Byline: GEOFFREY LAKEMAN

FOUR people were killed yesterday as torrential gales and storms again ravaged southern Britain.

Two teenage students - one the son of an England cricket boss - died when their car aquaplaned head-on into another in torrential rain.

And a couple in their sixties were found dead after their car was swept off a flimsy wooden bridge over a swollen river.

Floods returned to many areas and the awful weather brought even more delays for rail passengers.

Tara Dance, 19, and 17-year-old Alastair Tremlett were killed in the crash near Winchester, Hants.

Alastair's dad Tim is director of cricket at Hampshire and tour manager of the England Under 19s.

Tara, from Burley, Hants, was driving Alastair and three 18-year-old girls to a pub when her blue Peugeot careered across a dual carriageway into a BMW.

The girls were taken to hospital with serious leg and other injuries. The 58-year-old BMW driver was unhurt.
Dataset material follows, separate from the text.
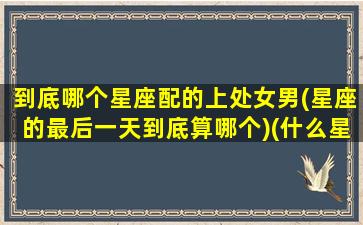 到底哪个星座配的上处女男(星座的最后一天到底算哪个)(什么星座和处女男最配)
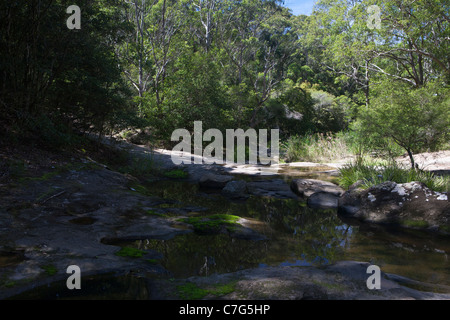 NSW côtières près de ruisseau Newcastle, Australie Banque D'Images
Alastair was studying a sports management course at nearby Sparsholt college and wanted to be a riding instructor.

At their village home in Otterbourne, Hants, his 44-year-old dad said: "Alastair was a true horseman - he was never really into cricket. He was going to compete in the showjumping trials at Winchester on Sunday.

"He was a very shy and pleasant boy and had made lots of friends at college. He was a lovely son. We already miss him so much."
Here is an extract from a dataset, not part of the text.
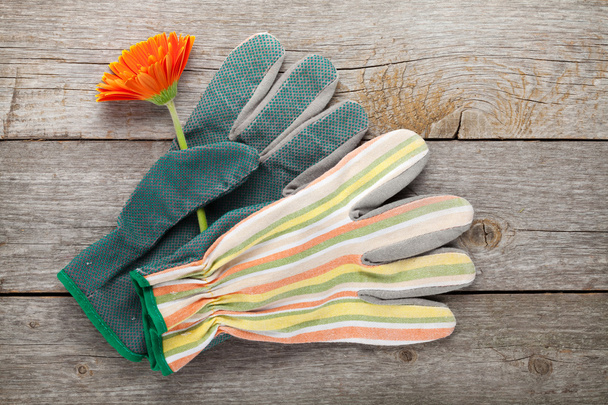 Садовые перчатки и цветок герберы
 - Фото, изображение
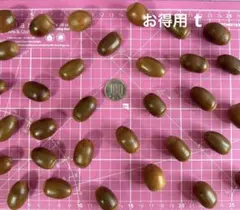お得用　t 匿名配送　大きいどんぐり　大〜特大多め　くぬぎ　アベマキ　約60個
Police Sergeant Tim Ashman said: "There was a lot of surface water on the road and it would appear the Peugeot aquaplaned on a big puddle and slewed out of control.

"The weather played a significant role in this appalling tragedy."

The elderly couple swept to their deaths near Cheriton Fitzpaine, Devon, were named locally as Norman and Jean Meadows.

The woman was found inside the Honda - which had been swept 30 yards and turned on its roof by the raging torrent - and the man's body further downstream.

It is believed they either tried to cross the flooded bridge or their car stalled in the torrent, plunging through the flimsy railings.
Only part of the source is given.